Causes of peripheral vertigo
Benign paroxysmal positional vertigo (BPPV) is the most common form of peripheral vertigo. This type of vertigo is easy to treat and hence correct diagnosis avoids unnecessary testing and costly treatment. BPPV is characterized by short-lived episodes of rotatory dizziness along with head movements. The usual time frame is nearly 45 seconds.
Vestibular neuritis causes a monophasic episode of vertigo that lasts for days or even weeks in worst cases. In the acute phase, it is usually accompanied by severe nausea & vomiting.
Ménière's disease is another cause of peripheral vertigo and is a result of endolymphatic regulatory dysfunction. Spells of dizziness usually last for hours, and are often preceded by pressure or fullness in the ear. High salt intake might make matters worse.
Trauma can also cause many types of vertigo including BPPV.
What Is Benign Paroxysmal Positional Vertigo?
How is peripheral vertigo treated?
Peripheral vertigo can be treated using drugs and medication such as antibiotics (in case of infections), antihistamines, prochlorperazine to relieve nausea, and anxiety medications such as benzodiazepines. Meniere’s disease patients are often given medication to help reduce inner ear pressure and relieve symptoms. Vestibular neuritis can be treated with very short courses of vestibular suppressants such as diazepam and lorazepam.
In treating BPPV, the Epley maneuver and Brandt-Daroff exercises that involve a series of guided head movements have been found to be helpful. Any hearing loss or ringing in the ears is treated using medication and hearing aids. A low salt diet, diuretic medications, and alcohol abstinence can help in recovery.
Central vertigo is mostly caused by injury to the brain or brain disease. Central vertigo usually comes without much warning and also lasts for longer periods of time compared to peripheral vertigo. It is also more intense than episodes of peripheral vertigo and patients may need help to walk or even stand up.
Causes of central vertigo
Transient ischemic attack (TIA) and brainstem infarction are important causes of central vertigo as ischemia in the brainstem can be life threatening.
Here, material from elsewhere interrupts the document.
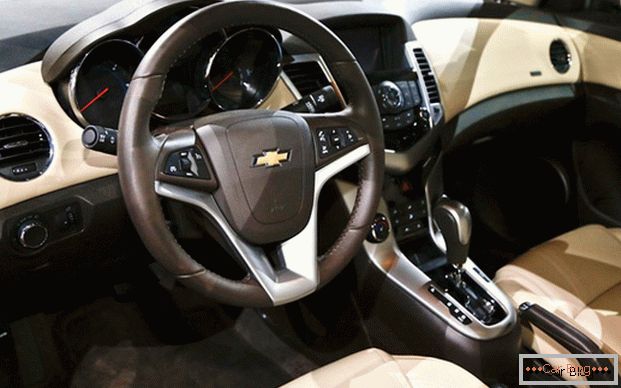 Kvalita dokončovacích materiálů a skvělé možnosti nastavení jsou charakteristické vlastnosti sedanu Chevrolet Cruze.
As with all strokes and TIAs, traditional vascular risk factors for this condition include diabetes, hypertension, and hyperlipidemia. This type of vertigo presents with dizziness spells accompanied by diplopia, numbness, and lack of coordination. Patients usually present with vertigo, diplopia, ipsilateral ataxia, and ipsilateral loss of pain sensation on the face.
Tumor or mass in the brainstem causes vertigo along with symptoms such as progressive unilateral hearing loss.
Multiple sclerosis is another significant cause of central vertigo in younger patients. Nearly 33% of MS patients present with visual symptoms and about 7% of patients present with vestibular symptoms.
Migraine causes episodic vertigo that lasts a few minutes to hours in about 10-30% of patients.
How is central vertigo treated?
Central vertigo can only be managed by diagnosing the root cause of the vertigo and treating it. Migraines can usually be treated with prophylactic migraine medications. In case of multiple sclerosis and tumors, managing the symptoms with medicines for nausea and dizziness usually helps.
New type of vertigo
Apart from peripheral and central vertigo, neurologists recently identified a new type of vertigo which had no known cause but responds to treatment. This condition is known as recurrent spontaneous vertigo with head-shaking nystagmus. Patients with this condition had vertigo attacks accompanied by headaches, nausea, and vomiting. These patients were also more likely to experience severe motion sickness than patients with other types of vertigo.